> **What needs to be done**
Begin your copy at the line holding "Подгузники Pampers Active" and end it at the last line of the listing. Keep every line exact and leave out the pictures.

> **Input data**
^^^^^^^^

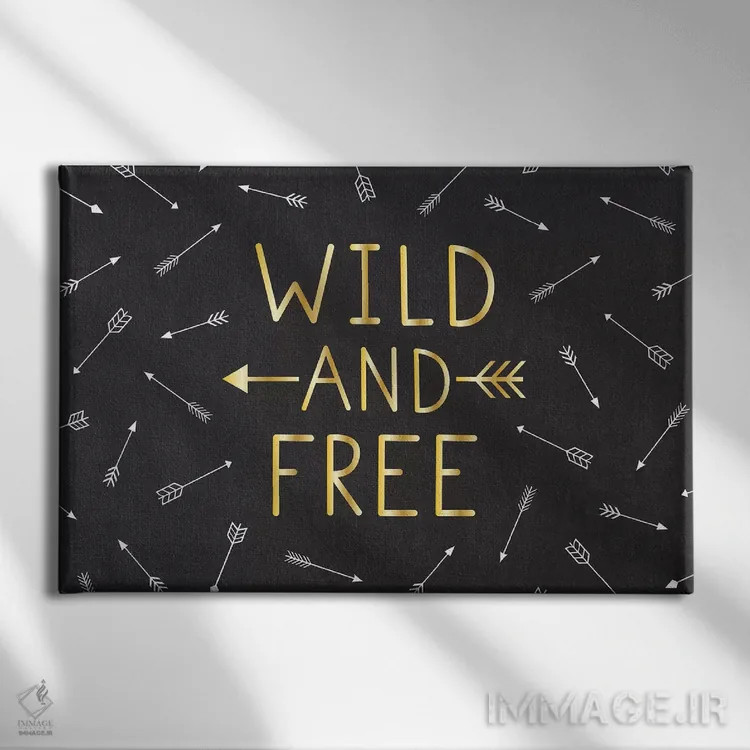 تابلو دکوراتیو آزاد و رها اثر گیل ویلت - نمای روبهرو روی دیوار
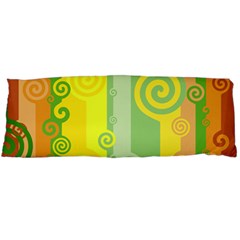 Ring Kringel Background Abstract Yellow Body Pillow Case (dakimakura)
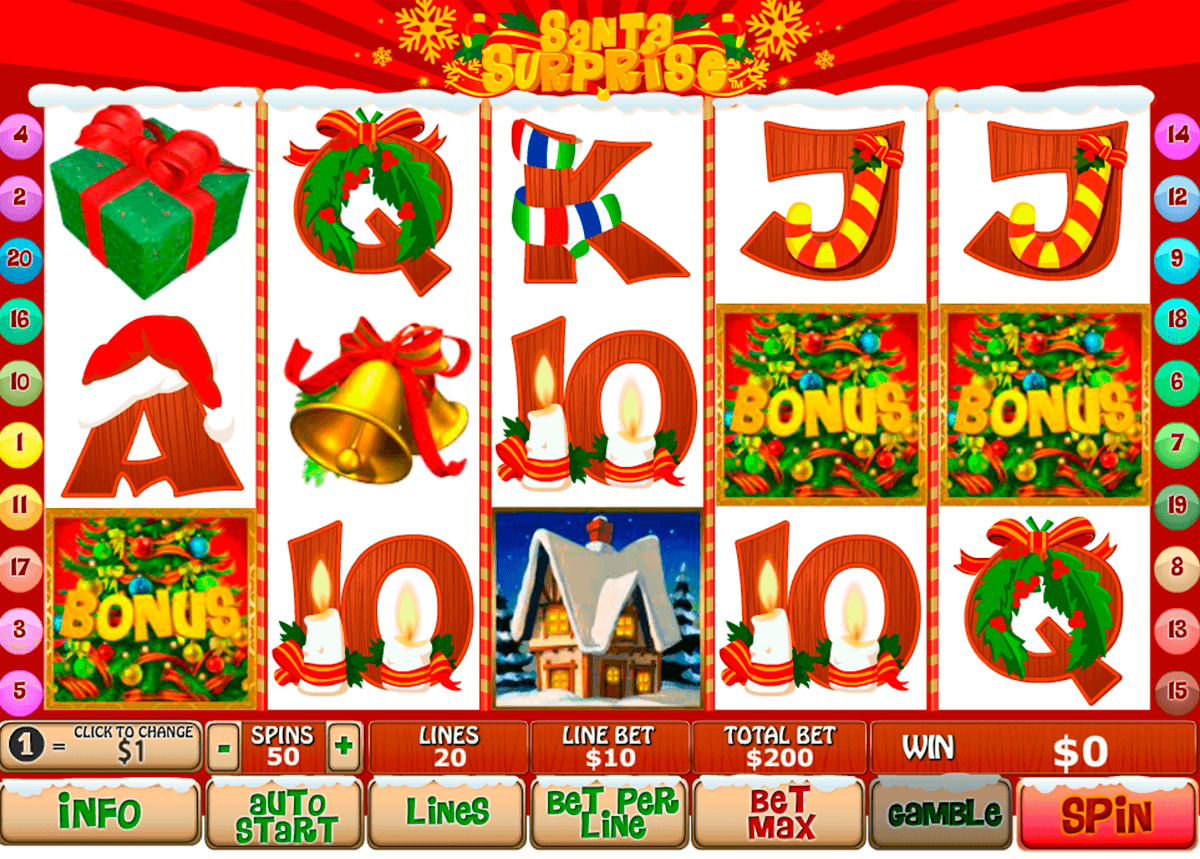 santa surprise playtech gokkast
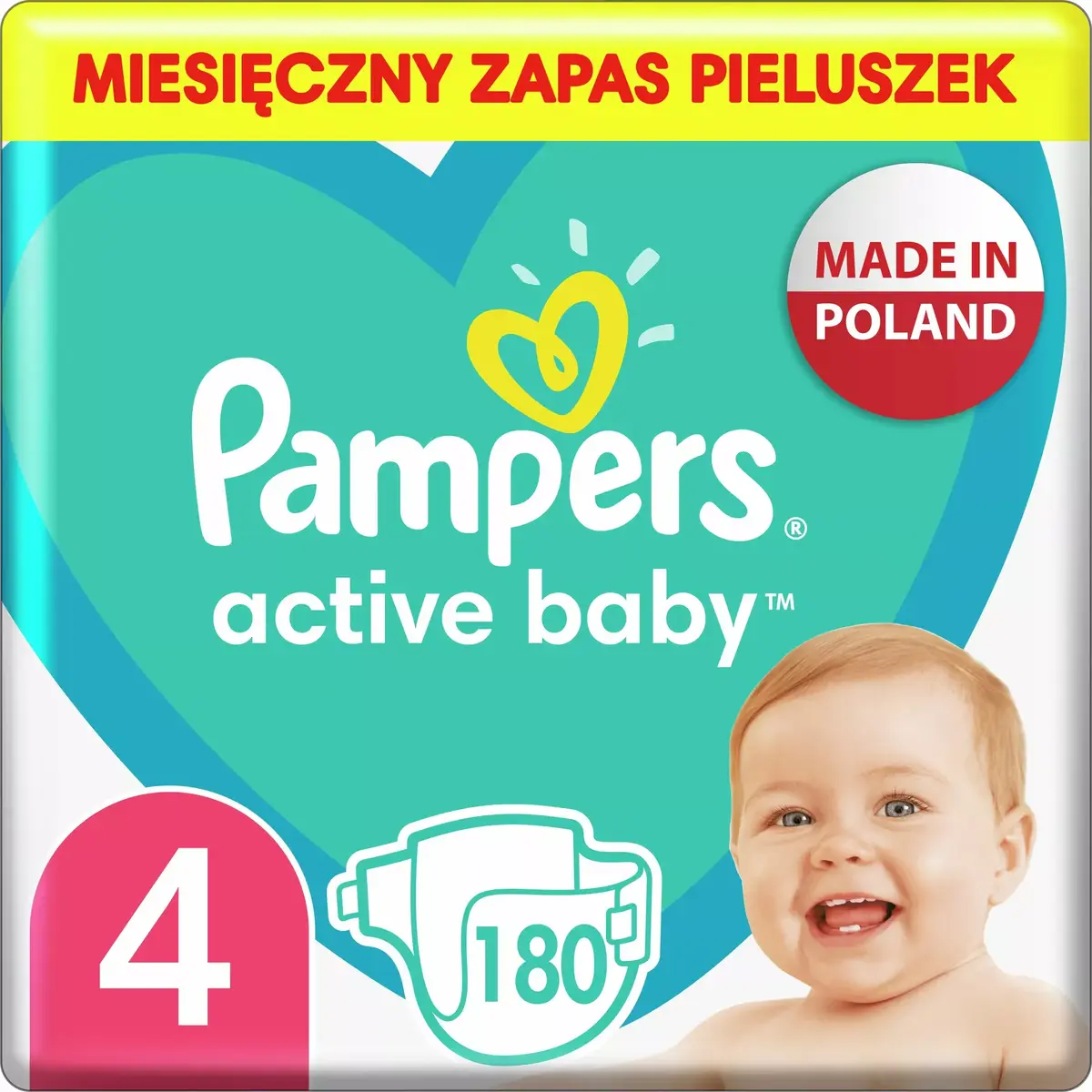 Подгузники Pampers Active Baby размер 4, 180 шт. Photo 2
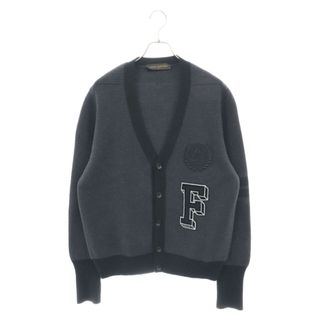 LOUIS VUITTON - LOUIS VUITTON ルイヴィトン 17AW×FRAGMENT DESIGN Wool cardigan フラグメントデザイン ウールカーディガン ブラック RM172M ARN HDN25W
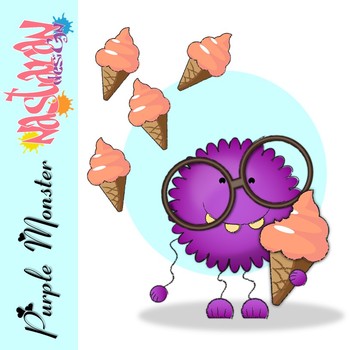 Free Purple Monster Clipart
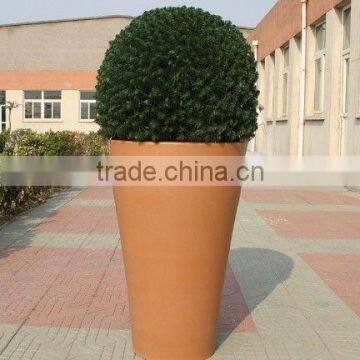 large terracotta flower pot plastic, big outdoor planter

^^^^^^^^

> **Result of this exercise**
 Подгузники Pampers Active Baby размер 4, 180 шт. Photo 2
 LOUIS VUITTON - LOUIS VUITTON ルイヴィトン 17AW×FRAGMENT DESIGN Wool cardigan フラグメントデザイン ウールカーディガン ブラック RM172M ARN HDN25W
 Free Purple Monster Clipart
 large terracotta flower pot plastic, big outdoor planter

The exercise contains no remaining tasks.